**** Source data ****
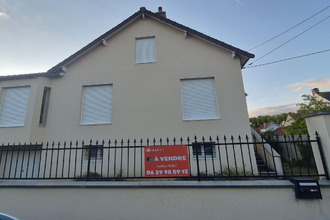  maison pontault-combault 77340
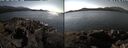 ./images/rivers-inlet/ethel/20250916/ethel20250916_151002.jpg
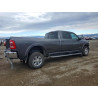 2022 RAM 2500 3C6UR5KL4NG105050 79084125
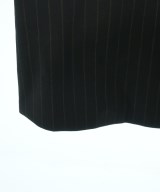TODAYFUL（トゥデイフル）ワンピース 黒 サイズ:38(M位) レディース/2200717458134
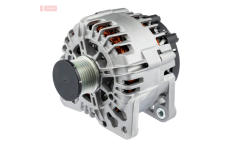 generátor DENSO DAN1538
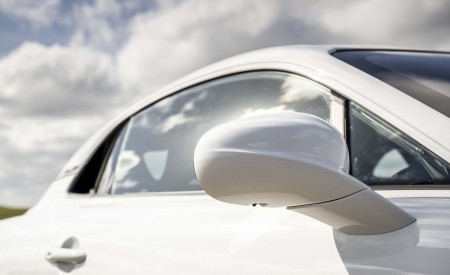 2022 Alpine A110 UK version Mirror Wallpapers 450x275 (30)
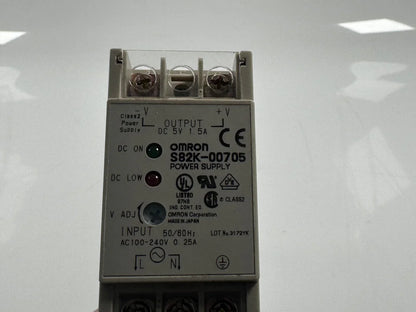 s-l1600_33a0afd0-c9d6-44f6-9343-68ec66defe38 - KLR Automation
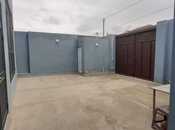 İcarəyə verilir  obyekt 200 m², Sulutəpə q., photo 3 from 8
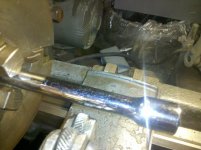 2010-05-11-22.08.13.jpg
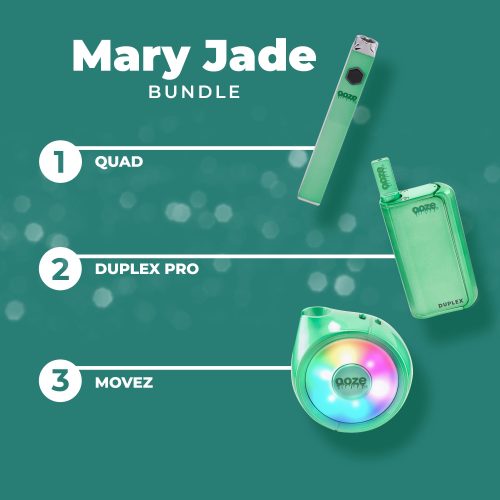 OL24 B017 MaryJadeBundle HOVER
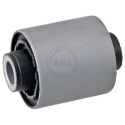 Supporto, Braccio oscillante A.B.S. 271758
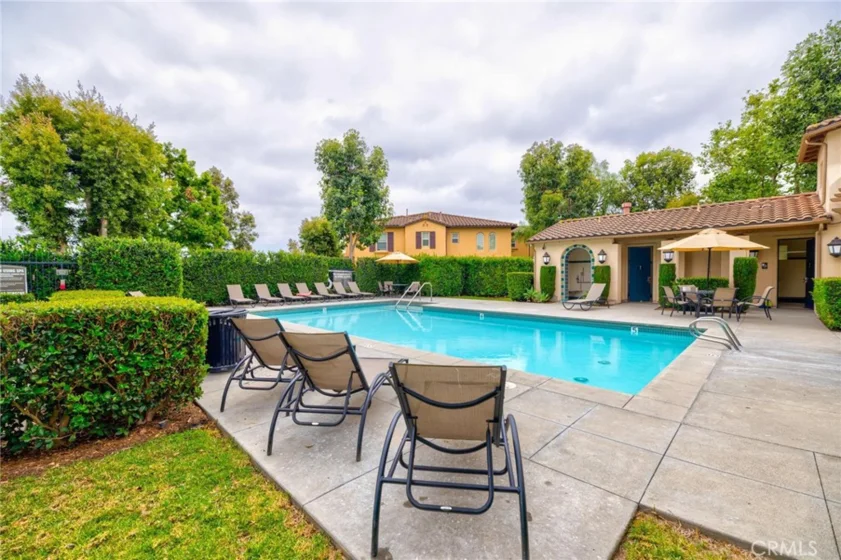 56 Glenalmond photo 45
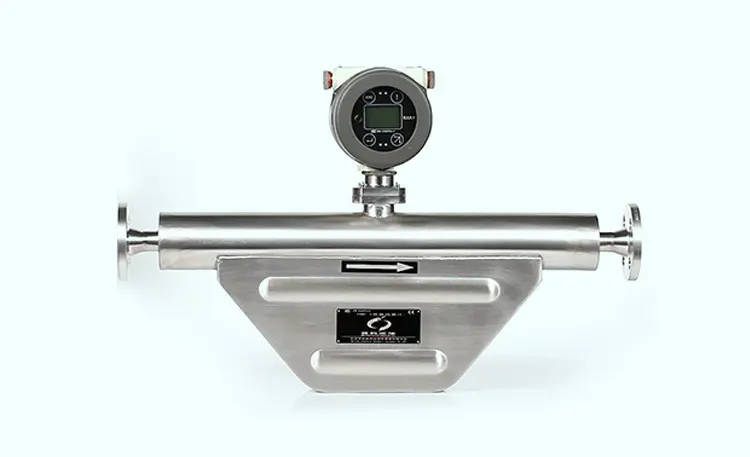 Sincerity Array image40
****
Assigned task: Transcribe all data precisely. Pictures are not copied.

Response box:
  maison pontault-combault 77340
 ./images/rivers-inlet/ethel/20250916/ethel20250916_151002.jpg
 2022 RAM 2500 3C6UR5KL4NG105050 79084125
TODAYFUL（トゥデイフル）ワンピース 黒 サイズ:38(M位) レディース/2200717458134
 generátor DENSO DAN1538
 2022 Alpine A110 UK version Mirror Wallpapers 450x275 (30)
 s-l1600_33a0afd0-c9d6-44f6-9343-68ec66defe38 - KLR Automation
 İcarəyə verilir  obyekt 200 m², Sulutəpə q., photo 3 from 8
 2010-05-11-22.08.13.jpg
 OL24 B017 MaryJadeBundle HOVER
 Supporto, Braccio oscillante A.B.S. 271758
 56 Glenalmond photo 45
 Sincerity Array image40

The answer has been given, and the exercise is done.